When you stop and think about it, the "Disney Vault" is every bit as sinister as its histrionic name implies.
According to doctrine, Disney's policy of releasing its most sought-after classics for a limited period only, before withdrawing them for years at a time, is designed to keep its roster of animated hits fresh for each "new generation of two- to seven-year-olds". It's a spirit of discovery, then, that motivates the Disney Vault, and not the millions that can be accrued by re-releasing the likes of The Little Mermaid on pricey Limited, Platinum and Diamond Edition DVDs.
Initially, Disney was reluctant to release its back catalogue on home video at all, hoping instead to continue the lucrative practice of reissuing its best-loved films theatrically every seven years. The 1980s VHS boom put paid to that idea, but the corporation has since moved across newer formats in such a way that ensures its properties remain elusive. Disney films typically last only a year or two on Netflix before they disappear, and their availability varies widely by region.

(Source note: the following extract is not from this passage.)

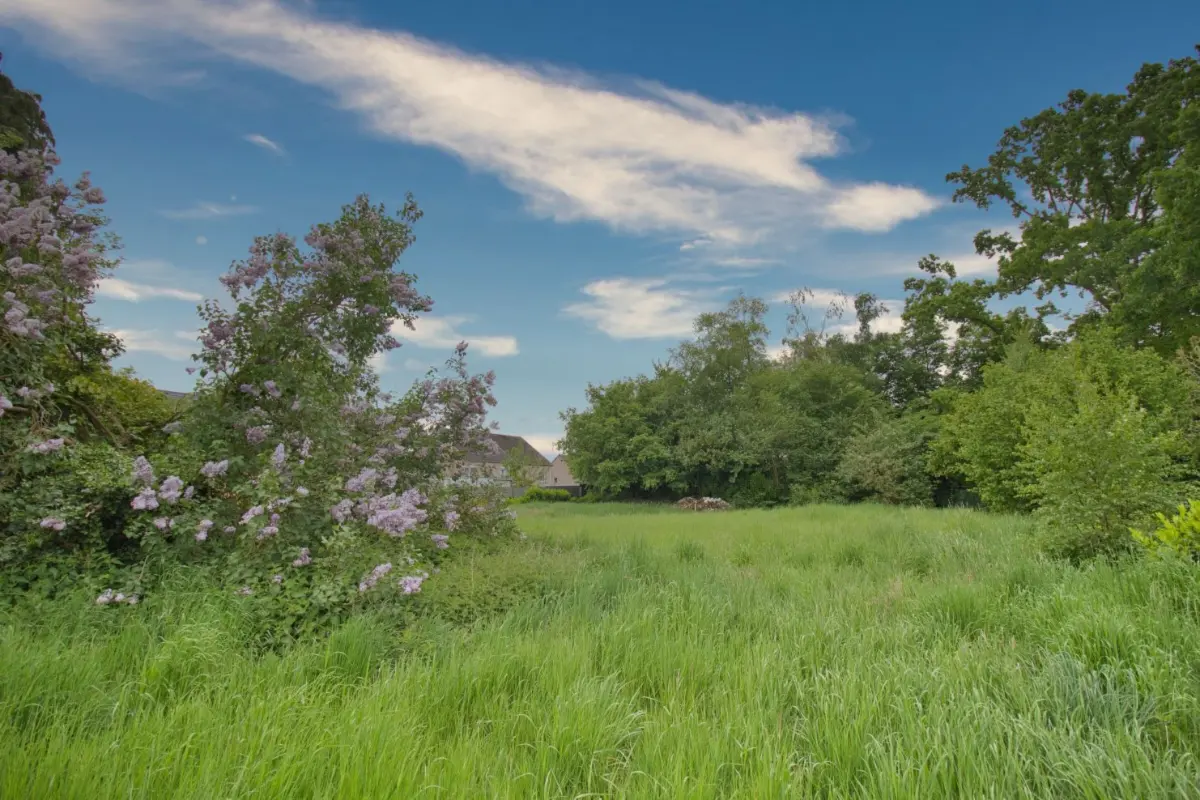 Grond te  koop in Tubeke 1480 315000.00€  slaapkamers m² - Zoekertje 526274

Right now, Netflix US is enjoying something of a 90s revival, with Hercules, Pocahontas and Mulan, while the UK service leans heavily towards newer hits such as Tangled and Toy Story 3.
This week, Disney re-releases 24 of its most beloved films in a special "Villains" collection, carefully timed to coincide with the release of the new blockbuster Snow White reboot Maleficent.
Each film comes complete with a limited-edition slipcase featuring such notorious animated wrong-uns as Peter Pan's Captain Hook, Aladdin's Jafar, and, er, those Siamese cats from Lady And The Tramp. The full collection on Blu-ray will set back Disney completists a little over £200, ensuring these animated classics stay fresh for a whole new generation of (extremely wealthy) two- to seven-year-olds.